The oral drug bioavailability is directly related to the drug absorption and metabolism in the gut wall. In the case of ABL, intestinal metabolism was not observed.28 The present study confirmed clearly the role of P-gp in intestinal absorption of ABL and thus may contribute to its low bioavailability. This also could explain the active secretion of ABL into the intestine after intravenous administration.14 On the other hand, the obtained results revealed that VER at a concentration of 400 µg/mL is almost sufficient to saturate P-gp efflux transporter, which was reflected in enhancement of ABL absorption. Other studies showed that an increase in the concentration of VER up to 5-fold did not significantly affect the absorption rate constant of P-gp substrate due to saturation of P-gp transporter.11 Furthermore, a lower VER concentration (200 µg/mL) did not significantly affect the absorption rate constant of ABL, which indicates that VER 200 µg/mL was not sufficient to saturate P-gp efflux transporter or to affect the absorption of ABL. A similar effect of VER at the higher dose level was manifested with other b-blockers such as salbutamol,29 labetalol,30 and propranolol.11 In addition, this effect was also seen with drugs other than b-blockers such as metformin and phenformin.10,17


ABL is actively secreted from the enterocytes by P-gp efflux pump as confirmed by the inhibition study performed with VER, which indicated that P-gp is a critical factor that participates in low oral bioavailability of ABL. The absorption rate constant (kap) of ACH was increased 3-fold in the presence of VER 400 µg/mL. In contrast, no effect of lower VER concentration (200 µg/mL) was seen on the kap of ABL.

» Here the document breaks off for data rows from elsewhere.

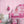 Popsicle wallpaper by Liberty James Studio in pink, wavy popsicle stripes behind a bed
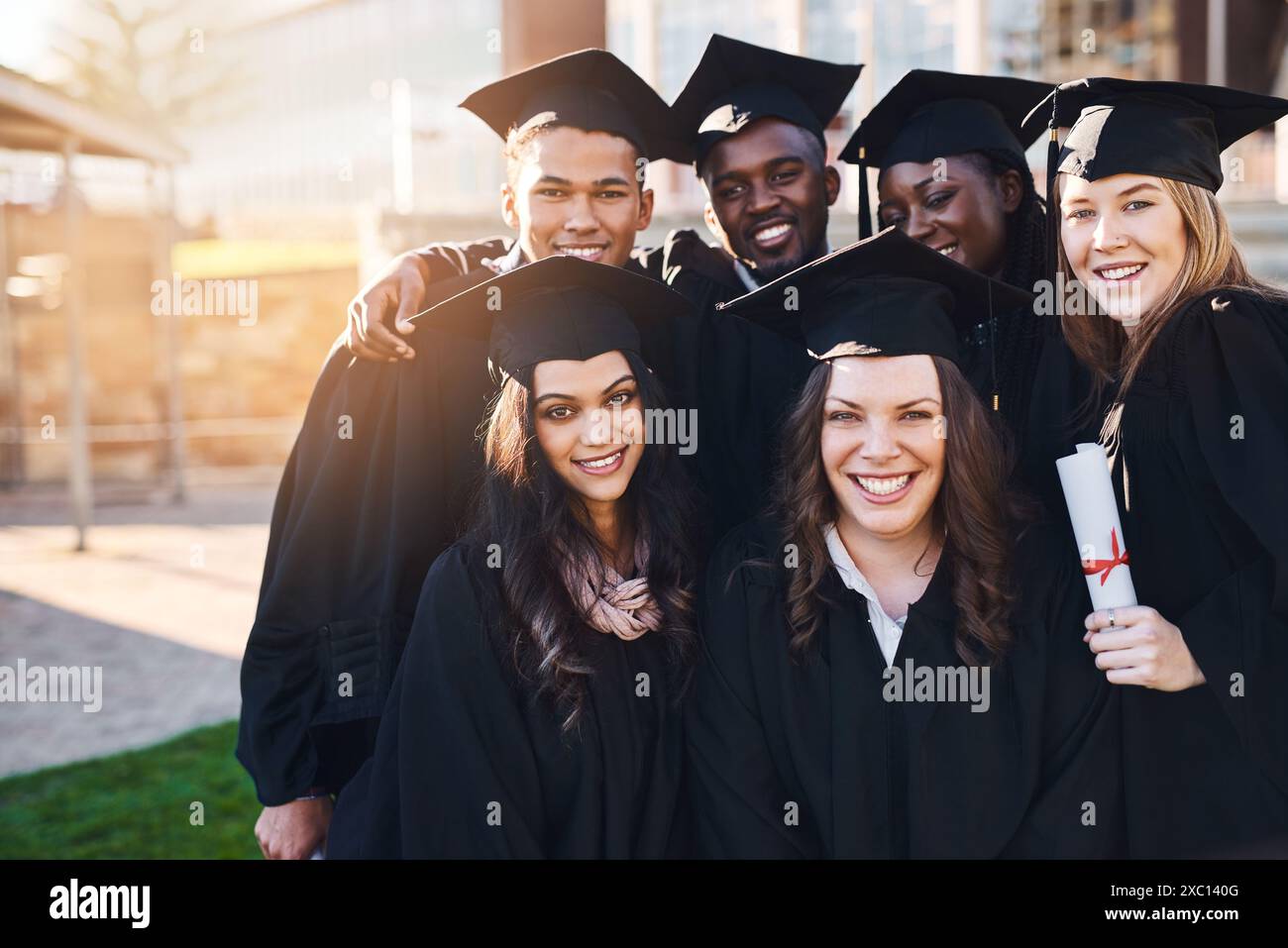 Studenti, università e ritratto di amici per la laurea, la cerimonia e il successo accademico. College, diversità e uomini e donne felici nel campus Foto Stock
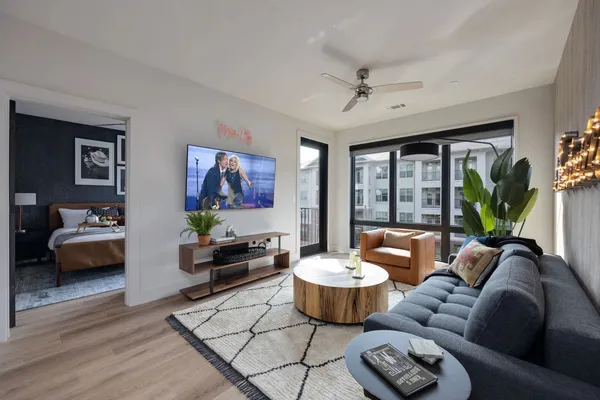 a living room with furniture and a large window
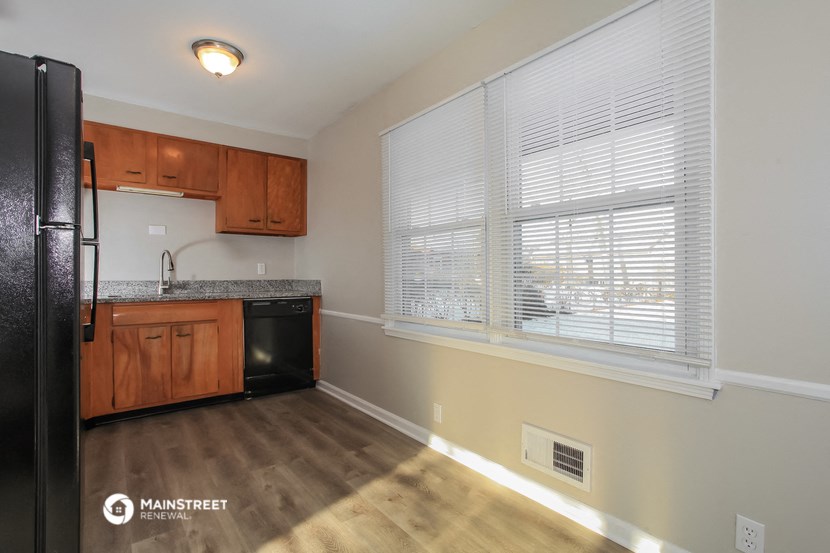 the kitchen of an apartment with wood flooring and a large window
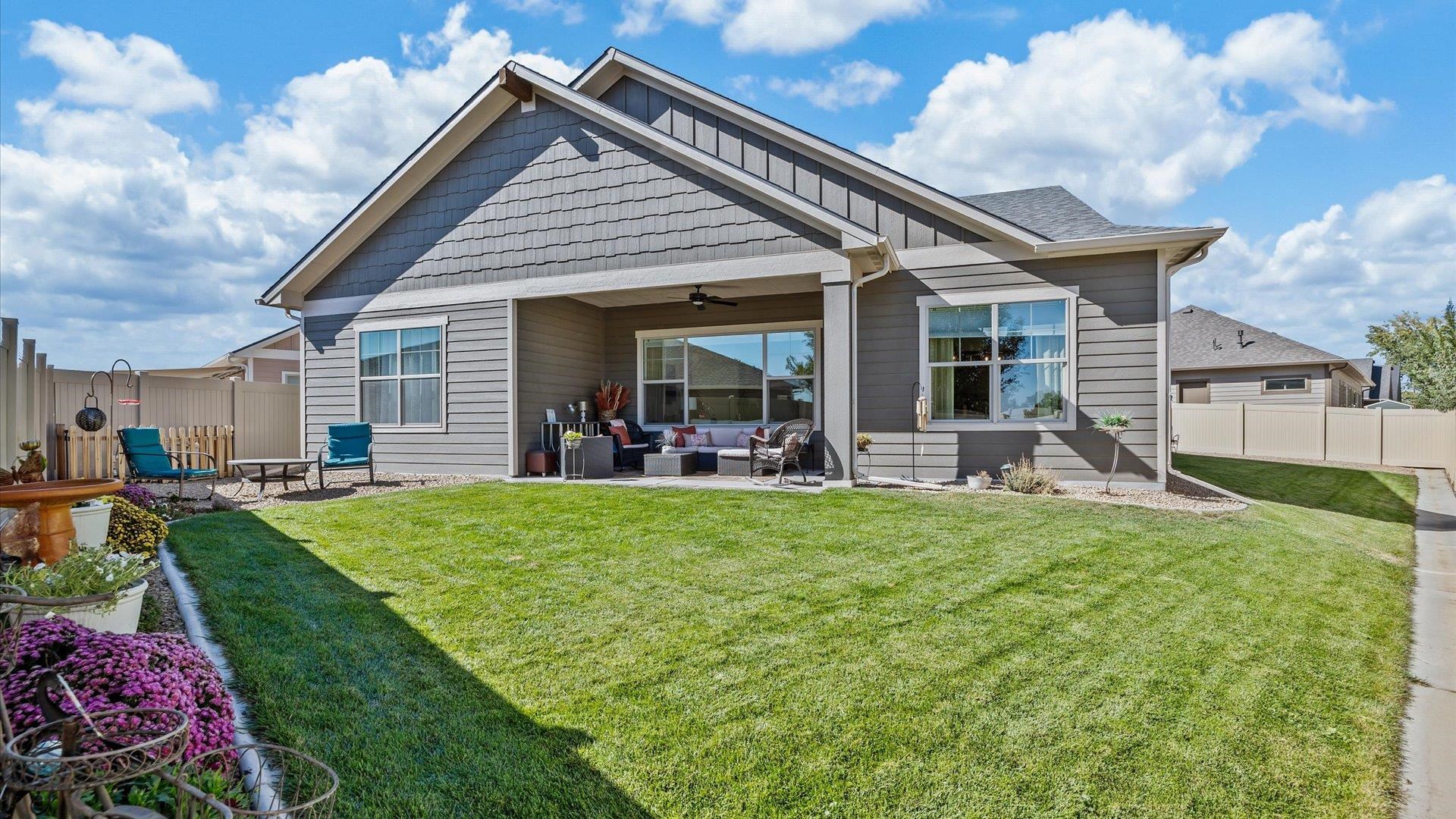 786 Spur Cross Road Grand Junction, CO 81505 - Photo 25 of 27 a view of a house with backyard porch and garden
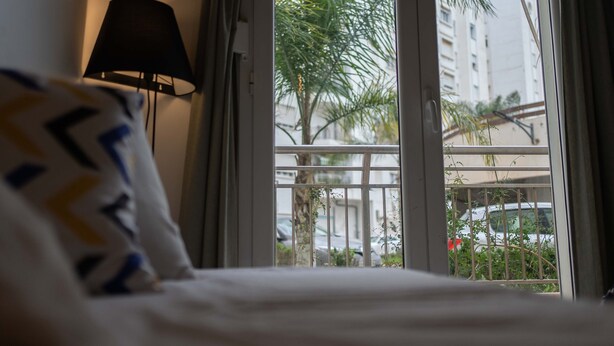 A hotel room with a bed, a window with a view of a palm tree and a building, and a lamp on the wall. - Hotel comfort in a prestigious residence (Chéraga)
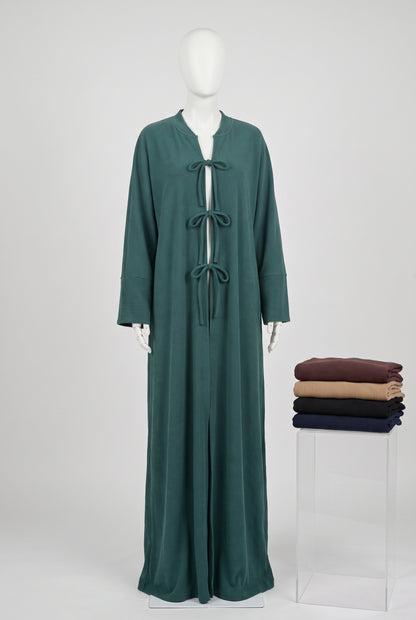 Teal ribbed front tie open abaya on a mannequin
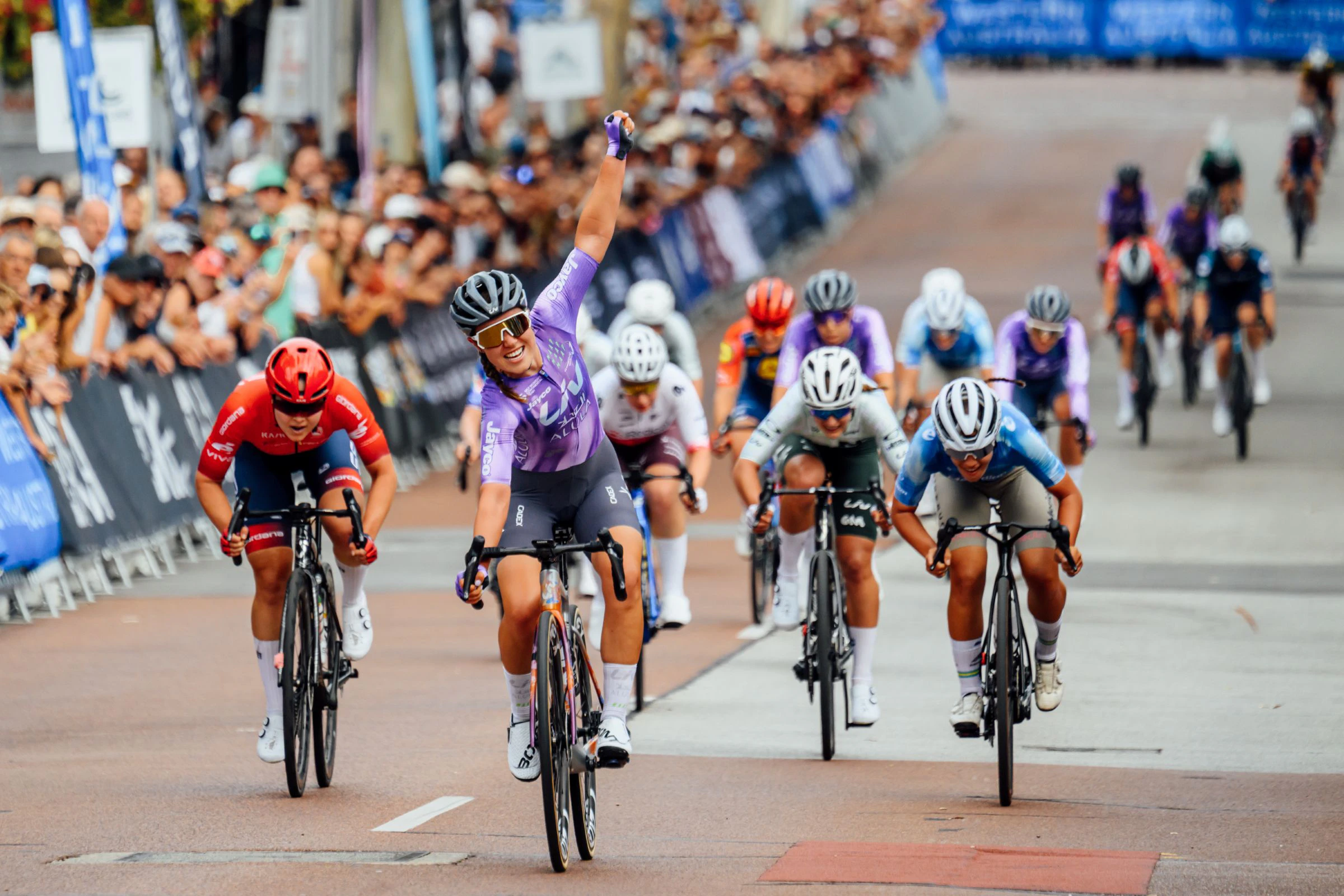 Lucinda Stewart salutes in victory in the under-23 women's criterium in the 2026 Westbridge Funds Road National Championships in Perth, Western Australia
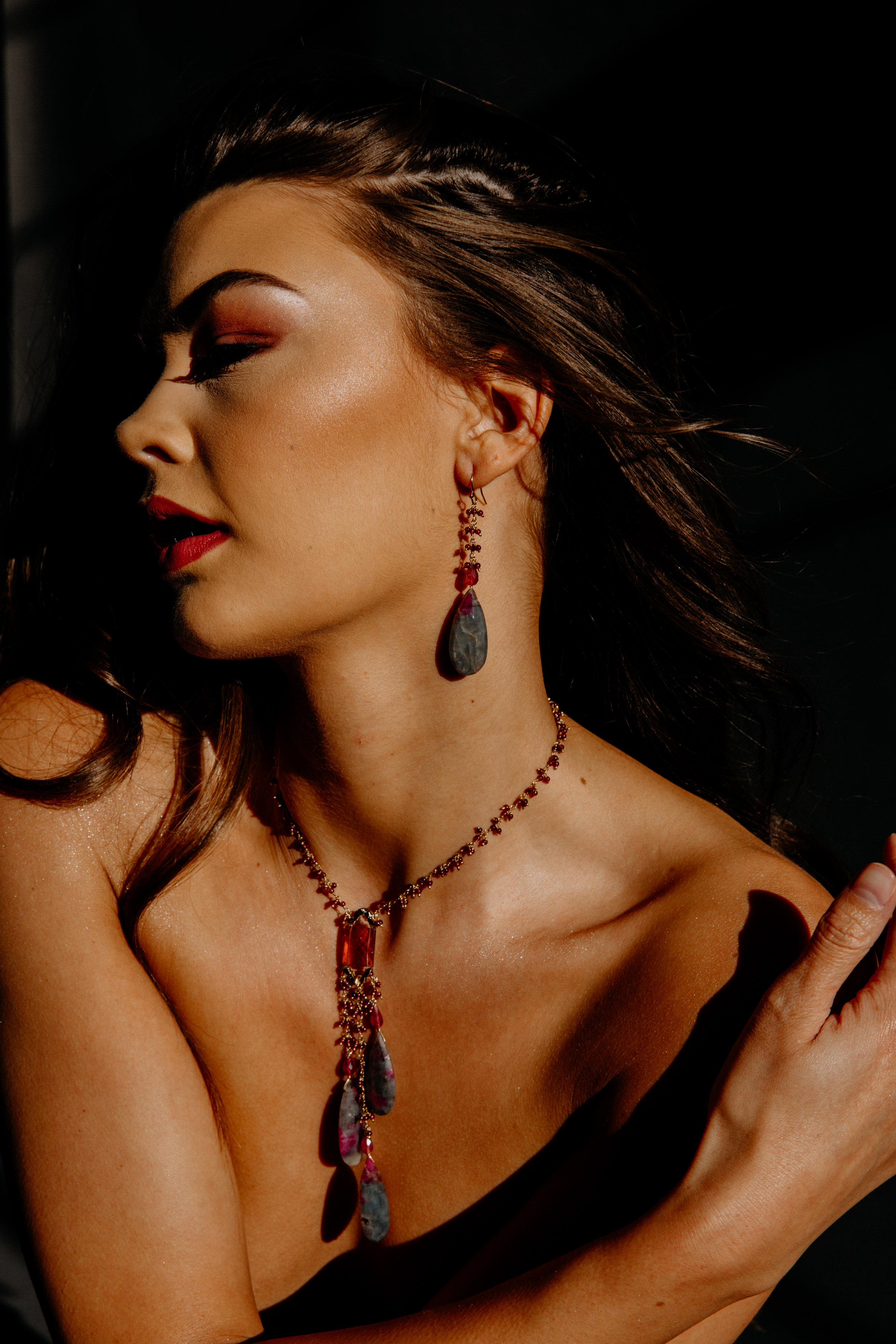 model wearing long multi drop sapphire necklace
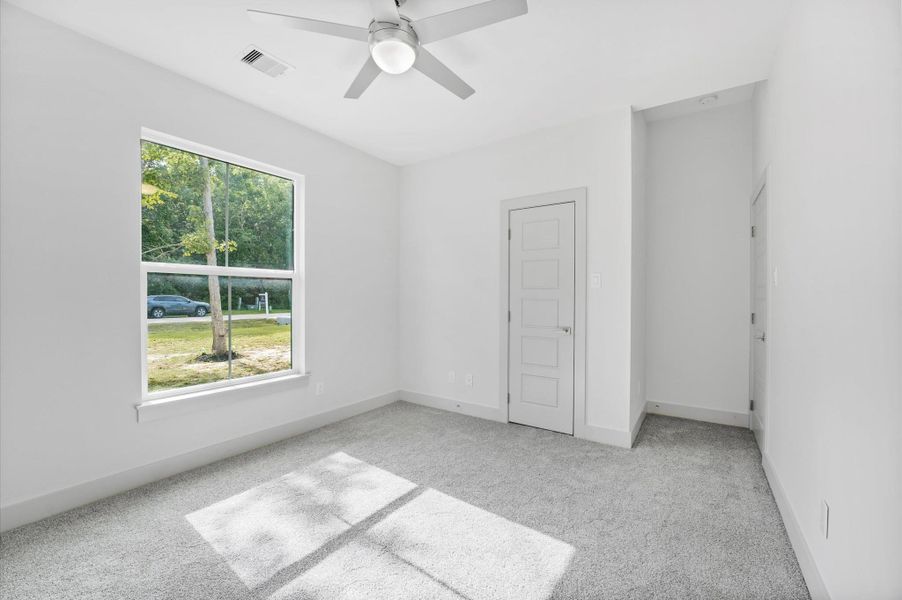 Bright and inviting bedroom with neutral walls and carpet, featuring a large window for natural light, a ceiling fan, and a modern door. Bright and inviting bedroom with neutral walls and carpet, featuring a large window for natural light, a ceiling fan, and a modern door.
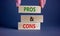 Pros and cons symbol. Wooden blocks with words `Pros and cons`. Beautiful grey background, businessman hand. Business, pros and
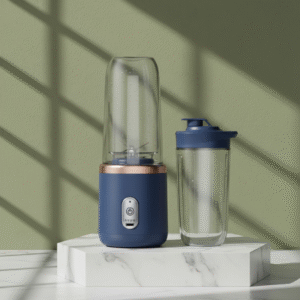 A modern blue portable blender with a rose gold ring accent, standing next to a matching clear travel cup with a dark blue lid. Both are placed on a white marble pedestal against a textured olive green wall, highlighted by natural light.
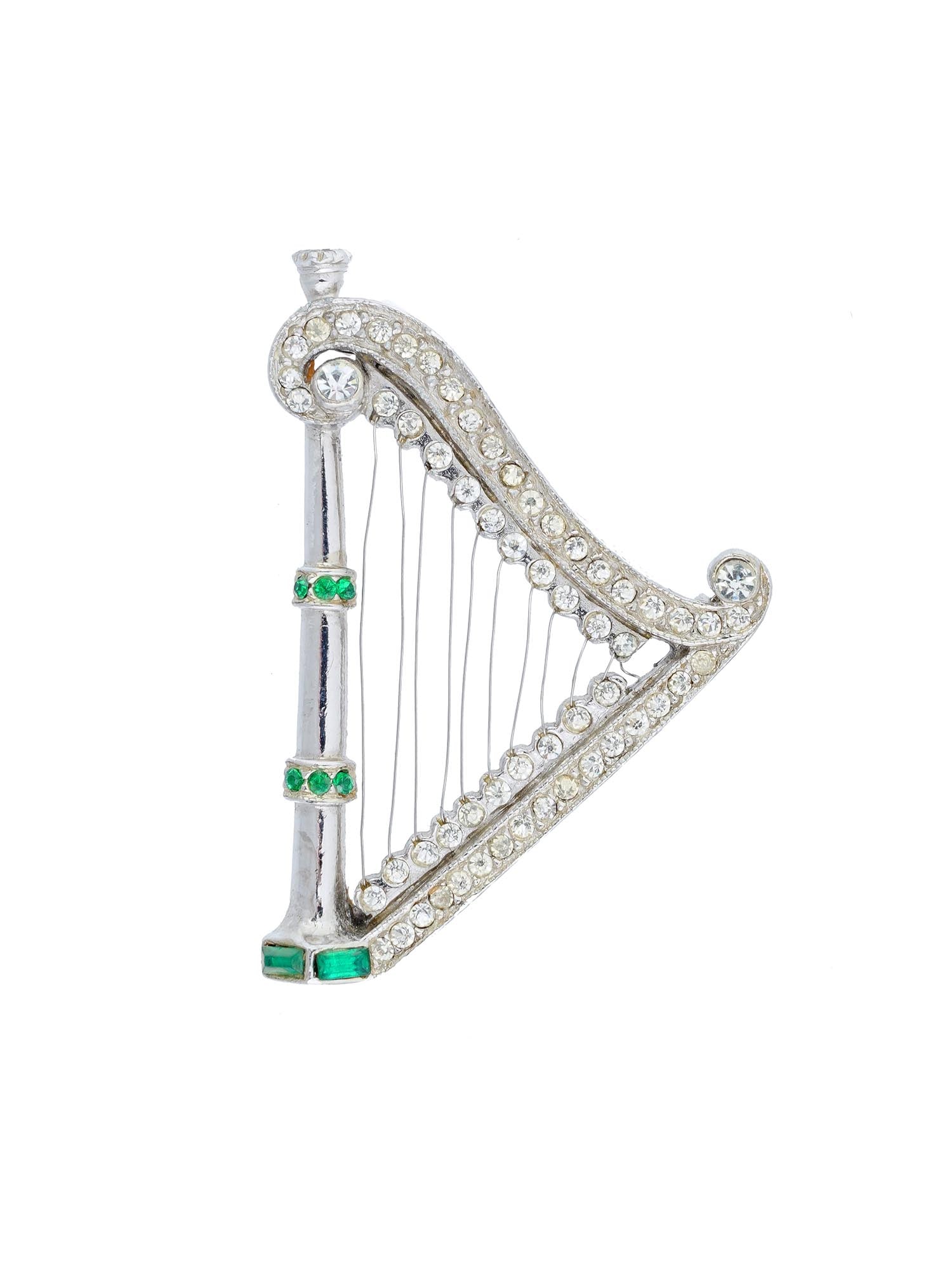 VINTAGE HARP DESIGN FIGURAL COSTUME JEWELRY BROOCH: A vintage figural costume jewelry pin brooch. The brooch is made in a harp design, and encrusted with rhine stones and faux green stones. Unmarked. Vintage and Mid century Ladies Jewelry Wares and Acc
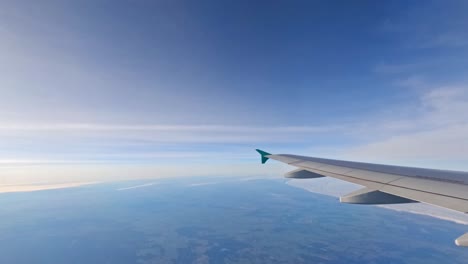 plane ascends over clouds, time lapse view through side window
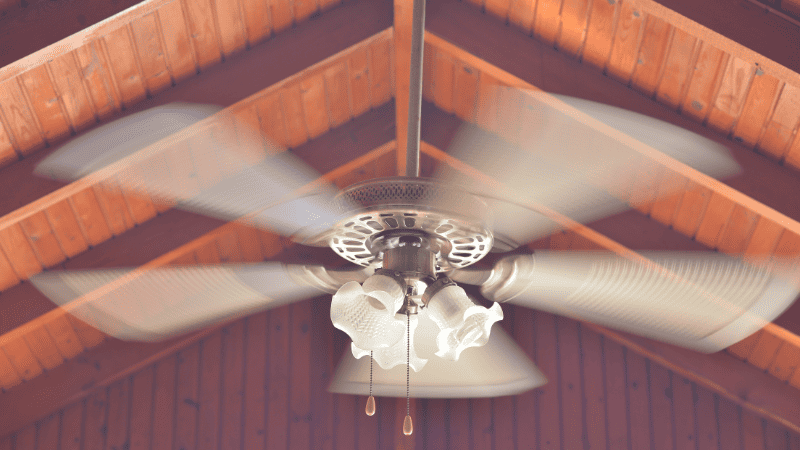 Consider room size, style, energy efficiency, and functionality before choosing chandelier fan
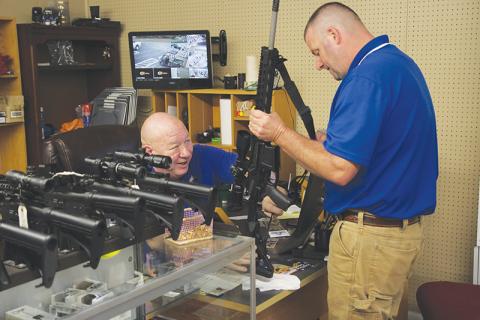 Country Boy Sports owner Kerry Stephens assists customer Kipp Dowdy with the purchase of his new rifle. 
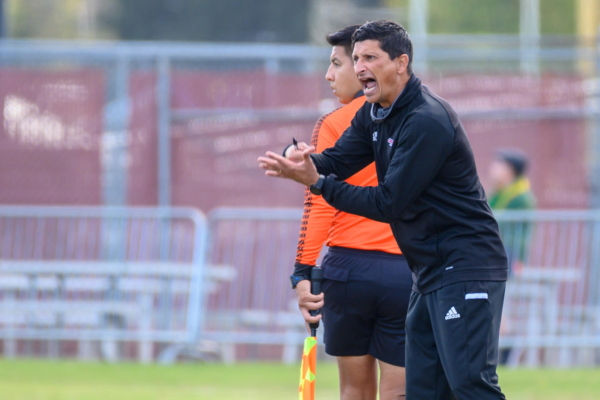 Felipe Restrepo coaches his players from the sidelines of a soccer game.
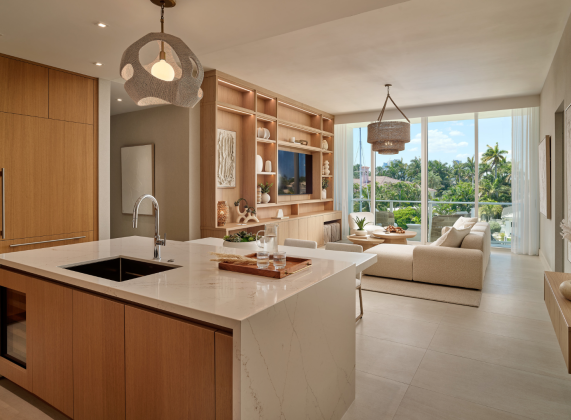 a kitchen and living room with a large window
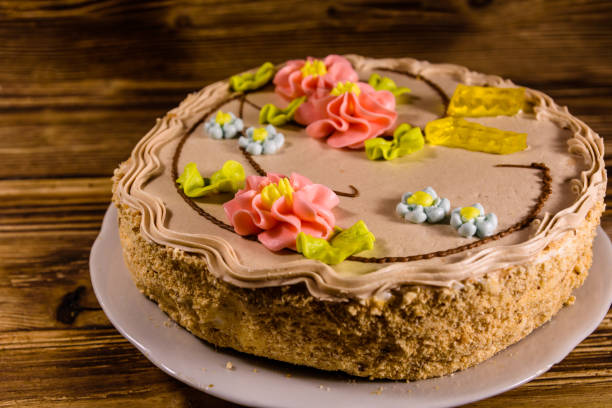 istock Kiev cake with cream on wooden table 915930396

I wish to express my deepest gratitude thanks to all staff in the Faculty of Pharmacy at Al-Azhar University-Gaza for their kind support and help and many thanks to Mr. Mohamed Abu Affash, the director of Medical Relief Society-Gaza, for providing me the facilities to perform analysis in his laboratory.

Conflicts of interest: No conflict of interest was declared by the authors. The authors alone are responsible for the content and writing of the paper.